Results: In the pre-intervention phase, 50 smokers were identified among 498 SpA patients, indicating a 10% baseline smoking rate. Rheumatologists documented smoking status for 92% of smokers and smoking cessation counseling for 12% of smokers. In the early post-intervention phase, we identified 13 smokers (15%) among 87 SpA patients. Utilization of the modified clinic note template was 30% (26/87). With our multi-modal intervention, the smoking status documentation rate remained at 92%, while the counseling documentation rate increased to 38.5% (Figure 2).
Conclusion: The baseline documentation rate of smoking cessation counseling for SpA smokers is low among rheumatology providers. Because of the COVID-19 outbreak, reduced outpatient volumes and unanticipated changes in clinic workflow have imposed limitations on post-intervention data collection. Nevertheless, our preliminary data suggest that a multi-modal intervention can improve documentation of smoking cessation counseling; this improvement may be sustainable with continued staff education on counseling and consistent template use. Our next steps will involve evaluation of receipt of smoking counseling and further reduction in smoking rates.

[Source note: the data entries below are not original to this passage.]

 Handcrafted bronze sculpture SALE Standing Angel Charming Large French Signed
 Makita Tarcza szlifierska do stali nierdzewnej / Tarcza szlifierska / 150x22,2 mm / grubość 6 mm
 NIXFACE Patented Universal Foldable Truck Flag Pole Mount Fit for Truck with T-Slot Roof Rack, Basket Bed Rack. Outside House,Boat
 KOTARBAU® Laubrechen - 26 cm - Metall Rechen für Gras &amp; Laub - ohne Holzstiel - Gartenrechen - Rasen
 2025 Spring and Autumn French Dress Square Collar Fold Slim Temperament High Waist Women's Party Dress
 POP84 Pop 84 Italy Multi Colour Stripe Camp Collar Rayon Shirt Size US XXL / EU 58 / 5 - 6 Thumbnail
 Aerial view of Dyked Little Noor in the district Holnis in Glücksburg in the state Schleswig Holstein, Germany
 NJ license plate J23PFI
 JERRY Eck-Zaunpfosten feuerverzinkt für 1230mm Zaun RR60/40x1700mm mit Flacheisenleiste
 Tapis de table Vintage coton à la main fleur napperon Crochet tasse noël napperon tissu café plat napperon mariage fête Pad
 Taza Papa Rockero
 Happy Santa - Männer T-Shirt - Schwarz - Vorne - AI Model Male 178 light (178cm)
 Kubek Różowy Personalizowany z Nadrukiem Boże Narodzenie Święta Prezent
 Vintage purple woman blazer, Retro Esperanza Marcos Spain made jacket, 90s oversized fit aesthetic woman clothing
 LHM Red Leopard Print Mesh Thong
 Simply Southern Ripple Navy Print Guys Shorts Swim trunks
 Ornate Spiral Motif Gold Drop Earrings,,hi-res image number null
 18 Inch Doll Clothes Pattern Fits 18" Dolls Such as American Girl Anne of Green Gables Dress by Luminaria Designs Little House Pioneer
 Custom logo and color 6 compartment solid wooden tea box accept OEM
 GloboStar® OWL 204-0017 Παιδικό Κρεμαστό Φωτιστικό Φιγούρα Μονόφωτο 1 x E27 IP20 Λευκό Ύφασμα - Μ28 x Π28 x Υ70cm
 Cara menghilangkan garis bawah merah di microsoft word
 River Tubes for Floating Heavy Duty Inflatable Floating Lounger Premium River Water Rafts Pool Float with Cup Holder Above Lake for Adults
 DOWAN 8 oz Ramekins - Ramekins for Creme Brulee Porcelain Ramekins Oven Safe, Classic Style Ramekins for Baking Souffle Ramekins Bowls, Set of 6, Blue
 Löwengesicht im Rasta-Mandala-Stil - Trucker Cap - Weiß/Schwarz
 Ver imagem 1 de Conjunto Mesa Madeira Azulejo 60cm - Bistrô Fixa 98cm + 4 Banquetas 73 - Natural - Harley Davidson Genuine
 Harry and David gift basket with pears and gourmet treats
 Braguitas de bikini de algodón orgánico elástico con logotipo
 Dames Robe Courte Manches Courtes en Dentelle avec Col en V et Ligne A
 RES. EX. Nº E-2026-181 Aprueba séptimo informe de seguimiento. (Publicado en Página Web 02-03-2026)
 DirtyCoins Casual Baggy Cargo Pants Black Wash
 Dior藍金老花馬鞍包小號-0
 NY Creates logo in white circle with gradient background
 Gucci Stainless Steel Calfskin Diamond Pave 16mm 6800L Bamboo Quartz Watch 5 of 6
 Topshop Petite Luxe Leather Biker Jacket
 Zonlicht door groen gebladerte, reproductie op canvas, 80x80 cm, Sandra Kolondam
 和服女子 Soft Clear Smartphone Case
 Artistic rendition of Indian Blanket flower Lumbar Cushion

To cite this abstract in AMA style:Chao Y, Hutto J, Joerns E, Arora R, Makris U, Reddy S. Improving Documentation of Smoking Cessation Counseling Among Spondyloarthropathy Smokers [abstract]. Arthritis Rheumatol. 2020; 72 (suppl 10). https://acrabstracts.org/abstract/improving-documentation-of-smoking-cessation-counseling-among-spondyloarthropathy-smokers/. Accessed November 27, 2020.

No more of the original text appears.